Ninguém come um bolo sozinho

Aqui se chega, talvez, no ponto mais importante da mudança no papel do consumidor: agora, com a mídia online, ele ampliou absurdamente seu potencial de levar pedaços do nosso bolo para outras pessoas, criando com facilidade campanhas orgânicas de convergência midiática (veiculadas tanto nas mais variadas redes sociais, quanto por veículos jornalísticos que aderem à sua pauta o que está em alta). Para tê-lo ao nosso lado, basta que ele goste do sabor do que oferecemos!

Assim, cabe a quem pensa diariamente a publicidade atentar tanto ao que pode captar a atenção dos empanturrados quanto à diferença entre fazer um uso pertinente do potencial de convergência midiática, planejando diferentes peças para diferentes espaços (virtuais ou não), e em simplesmente floodar as plataformas do usuário com conteúdos repetidos e sem sentido, obrigando-o a comer pedaços de bolo que só fazem estufar. 

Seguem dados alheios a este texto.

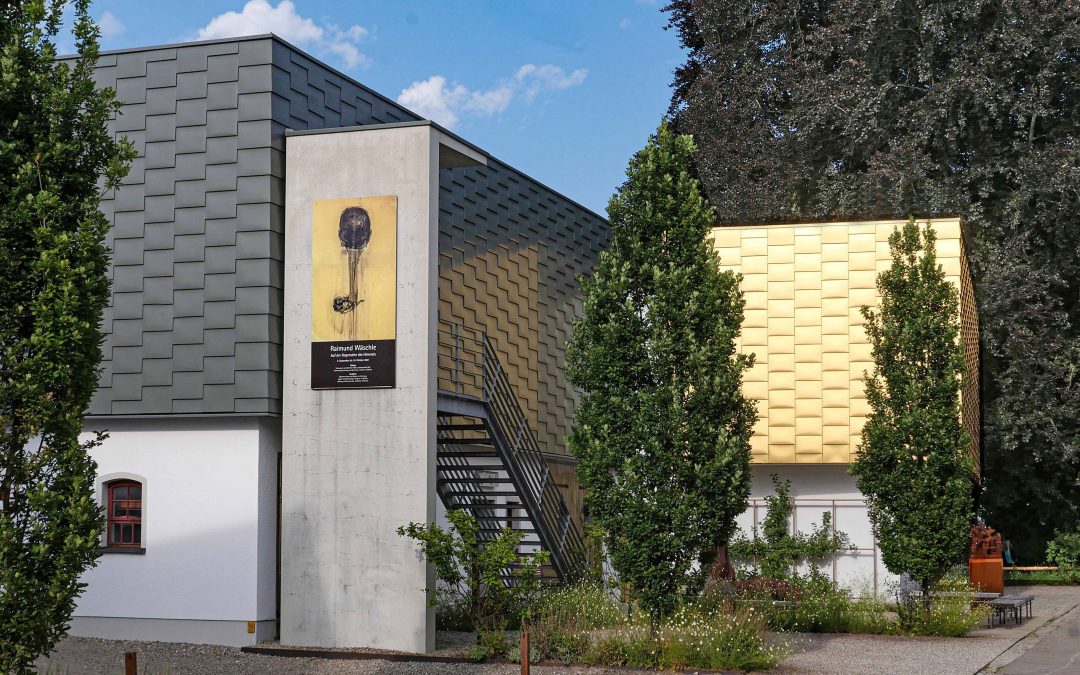 Raimund Wäschle „Auf der Gegenseite des Himmels“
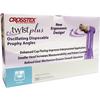 twist® plus Oscillating Disposable Prophy Angle, 100/Pkg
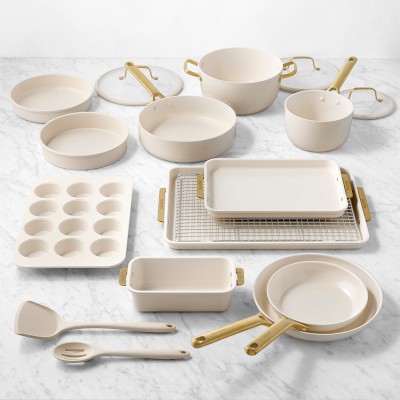 GreenPan Reserve Pro Ceramic Nonstick Ultimate Kitchen 17-Piece Set Simolary simolary.com 16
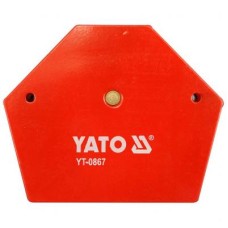 Yato hegesztőtámasz, mágneses - www.parts-zone.hu Yato hegesztőtámasz, mágneses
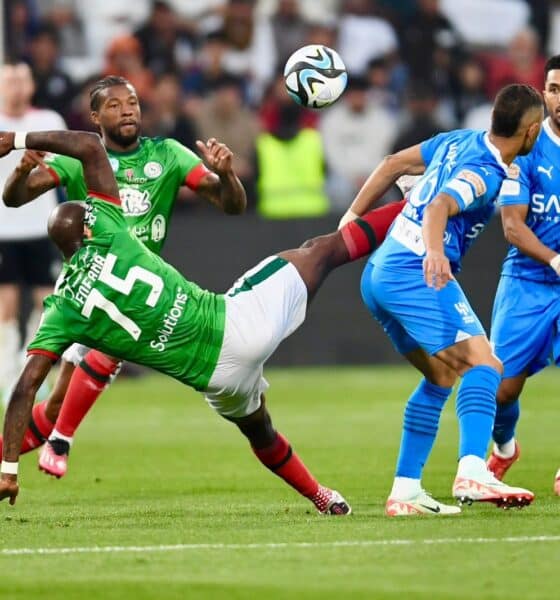 الآن.. مباراة الهلال والاخدود بث مباشر لحظة بلحظة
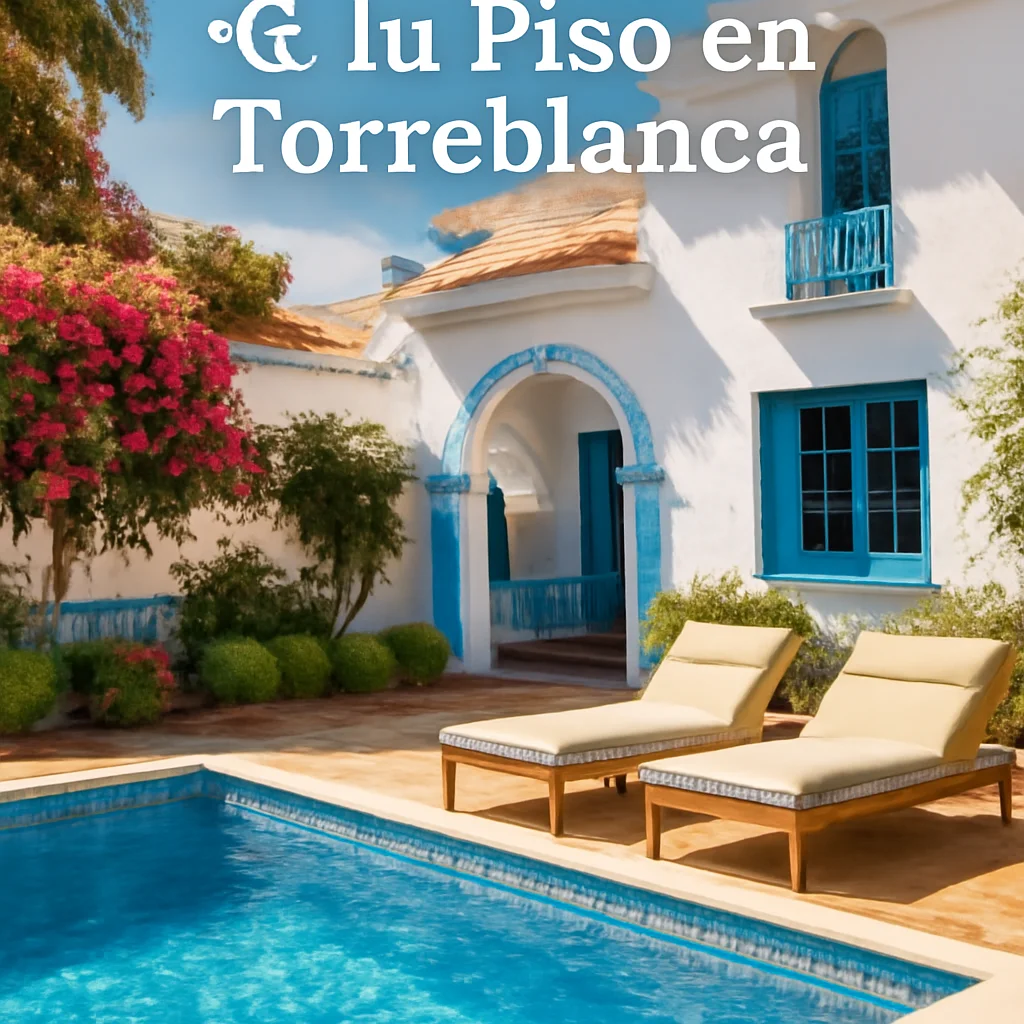 "Descubre el Valor Real de tu Piso en Torreblanca"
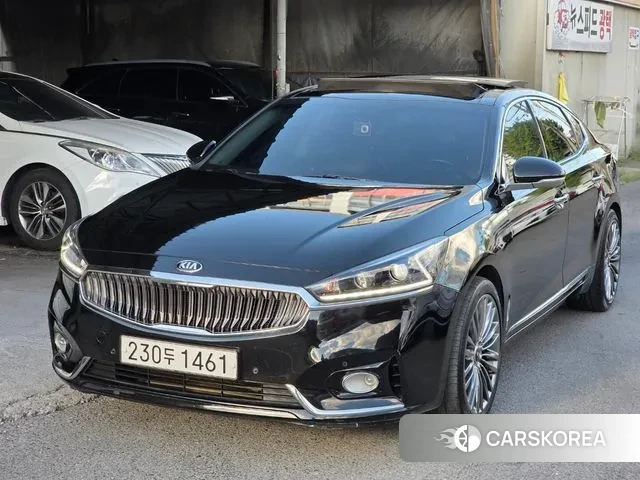 Kia Come New K7 id 3039509 из Кореи 13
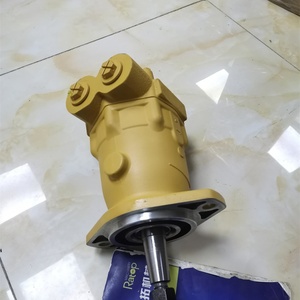 มอเตอร์ขับเคลื่อนแบบลูกสูบไฮดรอลิก0R1075 0R-1075 129-2413 1292413 GP สำหรับ824G 825g 925g 980G ชิ้นส่วนรถขุด - Product Image 6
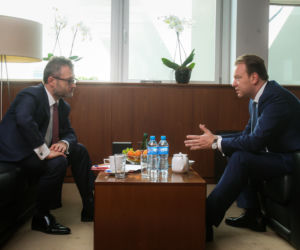 Paweł Surówka I Hubert Biskupski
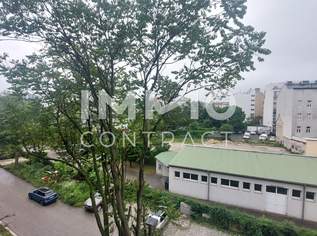 UNBEFRISTET! 2-Zimmer-Balkon-Wohnung - GEISELBERGSTRASSE 10-12 w2.22, 815.52 €, Immobilien-Wohnungen in 1110 Simmering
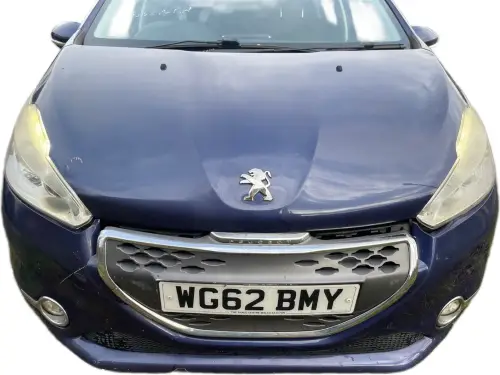 Peugeot 208 WG62 BMY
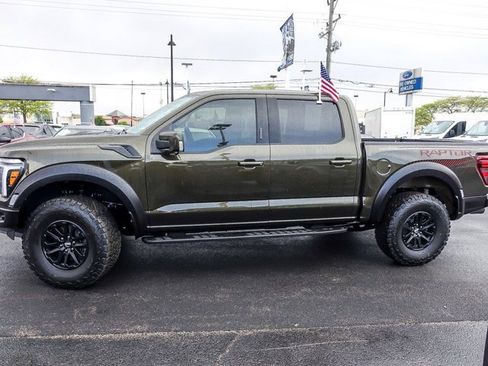 Certified 2026 Ford F150 Raptor AWD/4WD image 3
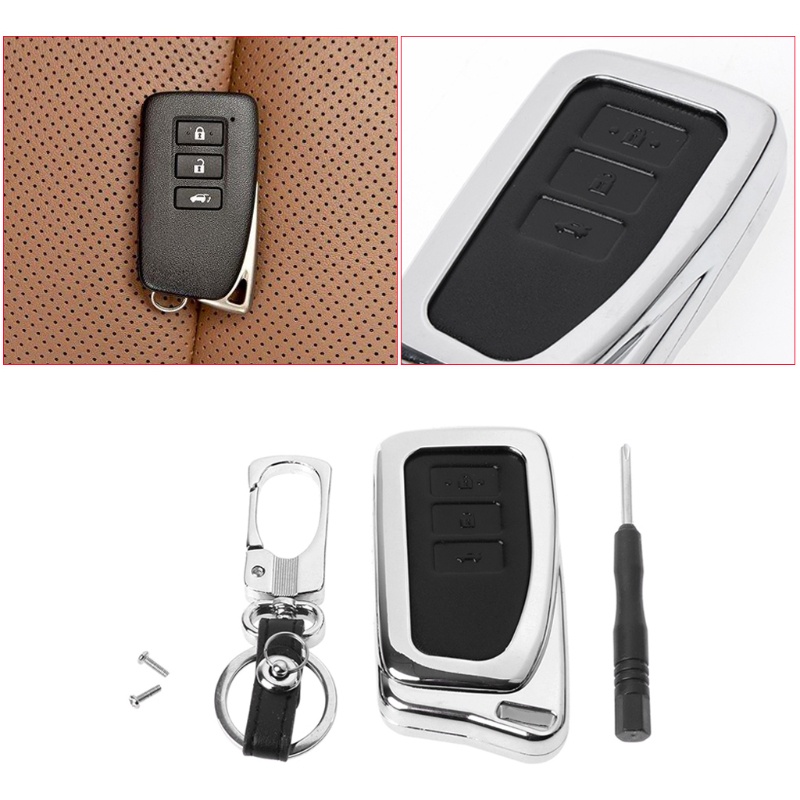 Vỏ Bọc Chìa Khóa Điều Khiển Từ Xa Cho RX IS ES GS 200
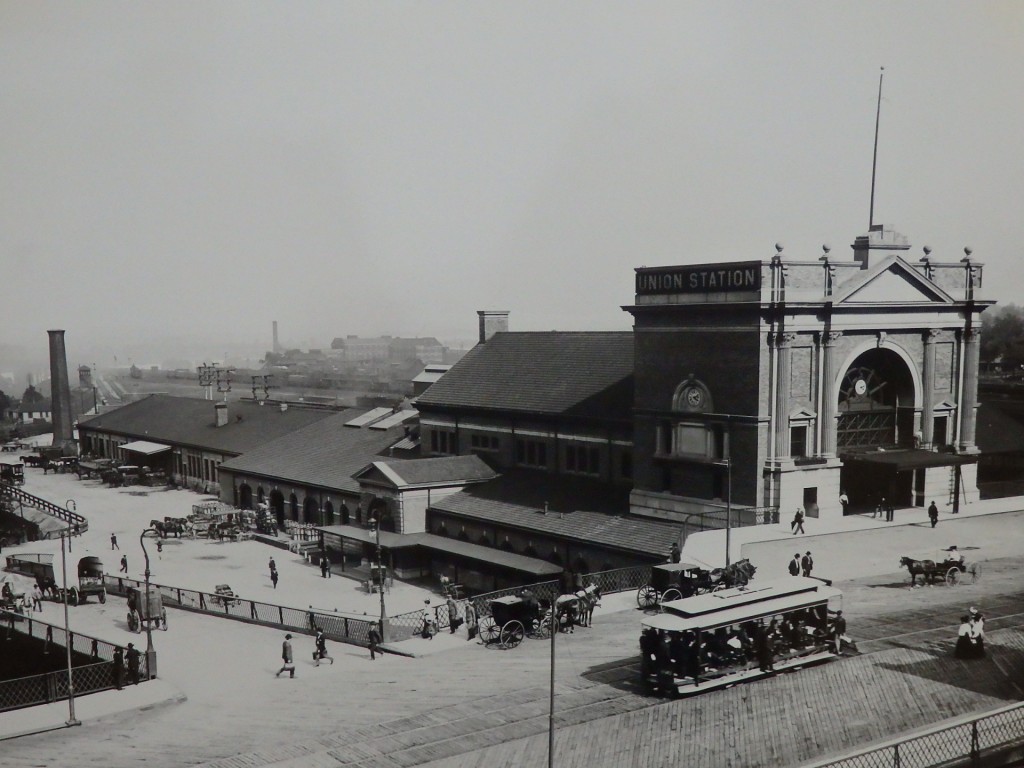 Foto: Omaha, Nebraska, Union Station - Cheyenne (Wyoming), Estados Unidos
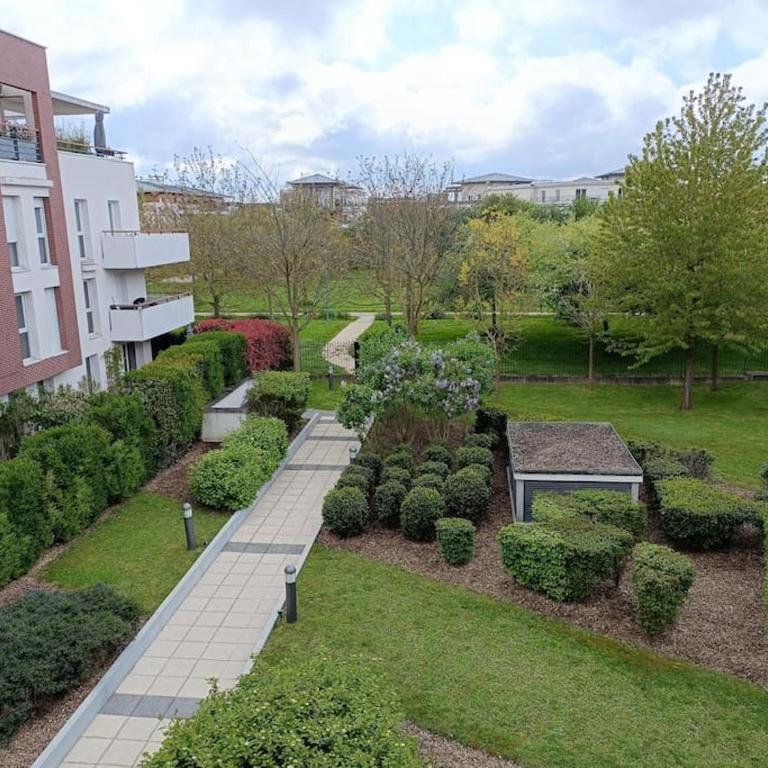 Disney Horizon Parc Studio 5 personnes PK privé gratuit balcon lit bébé - Studio Familial - 26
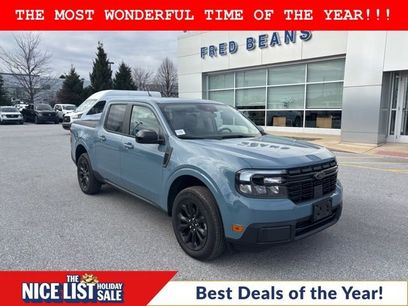 Certified 2023 Ford Maverick Lariat w/ Lariat Luxury Package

Fica a certeza de que, cada vez mais, a propaganda precisará se desdobrar — figurada ou literalmente — para ofertar aos usuários, nos diversos canais em que eles estão ativos, sabores pelos quais se interessam — mesmo que ainda não se saiba ao certo quais são.

¹Como por exemplo as dos autores Terence A. Shimp, James Odgen e Edson Crescitelli; nas obras Comunicação Integrada de Marketing: propaganda e promoção, de 2009 e Comunicação integrada de marketing: conceitos, técnicas e práticas, de 2007.